1) All script provider related configurations/logic should be removed.
Will take care of it, earlier thought at-least white-list entities let it be there but not a problem will correct it.
PreviousNodeLabels will be reset every time if we do a fetch. (To avoid handle same node labels as much as possible)
Don't do check if new fetched node label is as same as previousNodeLabels. (Also, avoid handle same node label)
May be I dint get your approach completely here ? but based on earlier discussions in 2495 we had finalized that we will send the node labels only when there is a change because
- unnecessary Network traffic which is amplified in a large cluster which has lot of NM's
- Either RM needs to do the validation of whether the labels are modified or blindly update the NodeLabelsStore. In former case is not better because RM will be overloaded to do this operation and in later case unnecessary Store file updates, i feel the magnitude of updates which will be happening in the large cluster with heartbeat coming in every second is too high and all are unwanted updates.
Based on the above points i feel its better to check and update RM only when there is a change in the NM's node labels
Don't reset node label if fetched node label is incorrect. (This should be a part of error handling, we should treat it's a error to be avoided instead of force reset it)
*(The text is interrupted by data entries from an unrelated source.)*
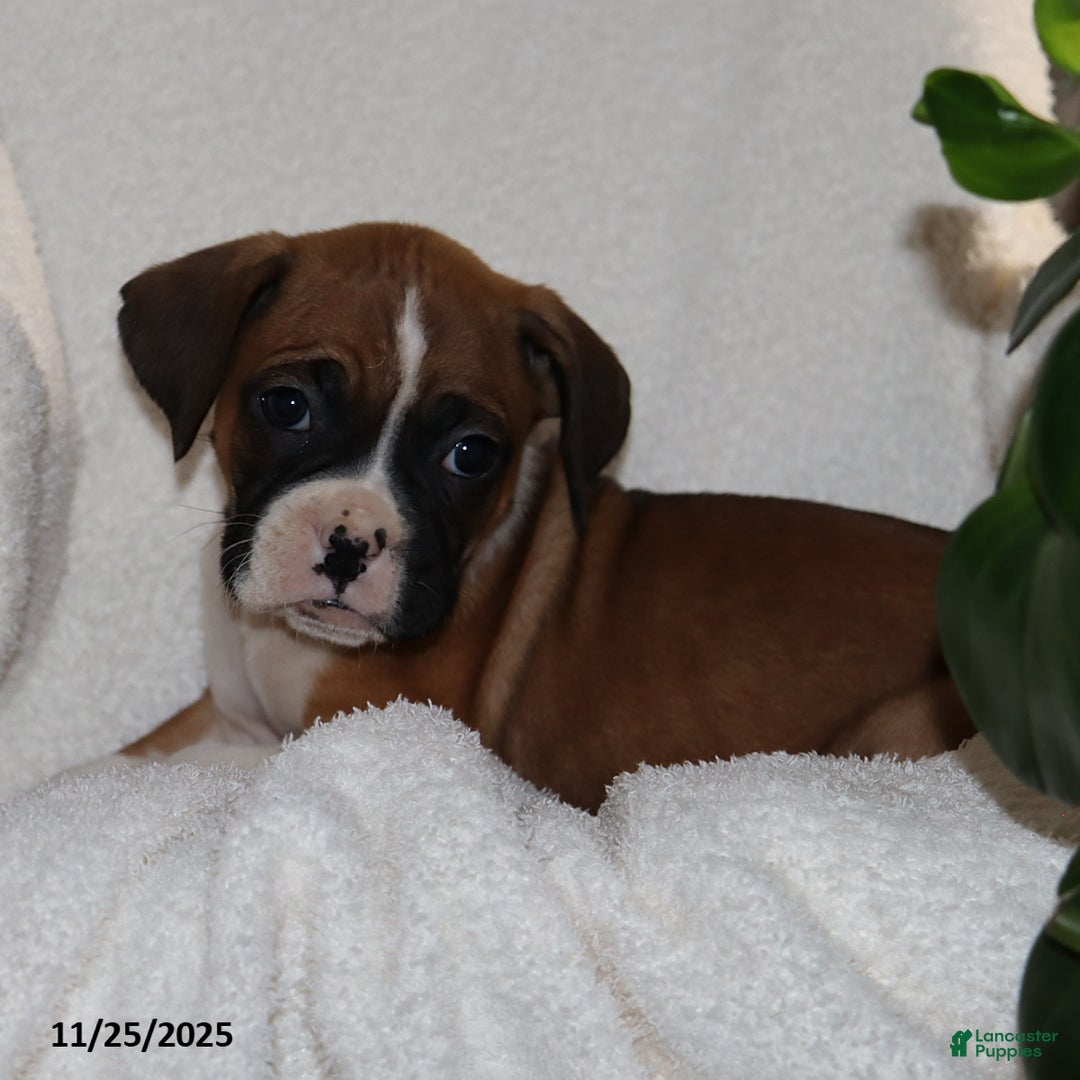 Mixed Breed dogs for sale: Louie - Ad 2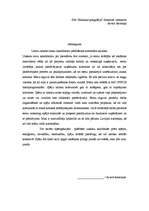 Paraugs 'Motivācijas vēstule', 1.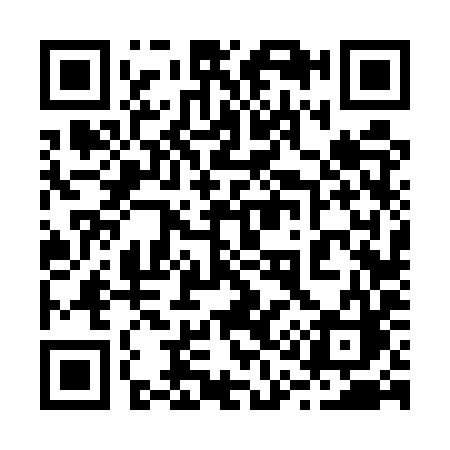 QR code for 2165YC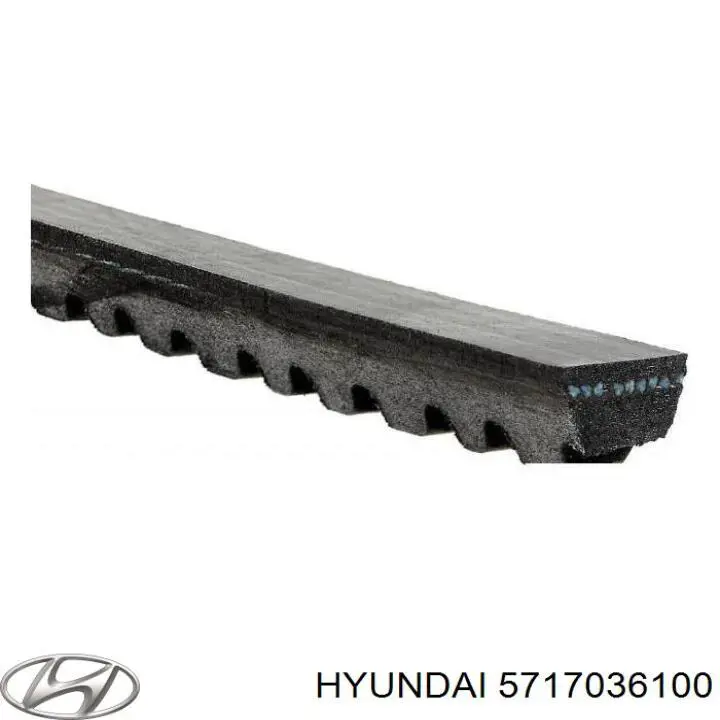 5717036100 Hyundai/Kia correa trapezoidal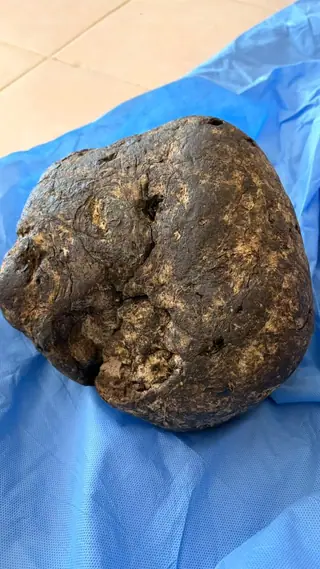 The rounded dark brown ambergris piece from the front, slightly closer, on a blue cloth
IIUC this was the conclusion we had in
YARN-2495 in the following comment. which i feel is correct because assume a case where in label is based on java version(/lib version) and java version is upgraded in a given NM but the centralized labels new java version is not yet added then NM will fail to update the node labels but if we do not reset it, RM will maintain the NM's NodeLabel as of Prev java version and the client app if run on this node it might fail due to this.
A little cosmetic suggestion.
Hmm agree on this but approach i felt we can have a inner class like NMDistributedNodeLabelsHandler and that can maintain the state of previous labels and takes care of initializing and taking care of all methods and logging related to NodeLabels . I have already added some methods but we require to maintain some state of labels in the heartbeat flow so introducing a class like this and pushing all methods related to labels there would be much better and more readable, Thoughts ?
I suggest to keep provider within nodemanager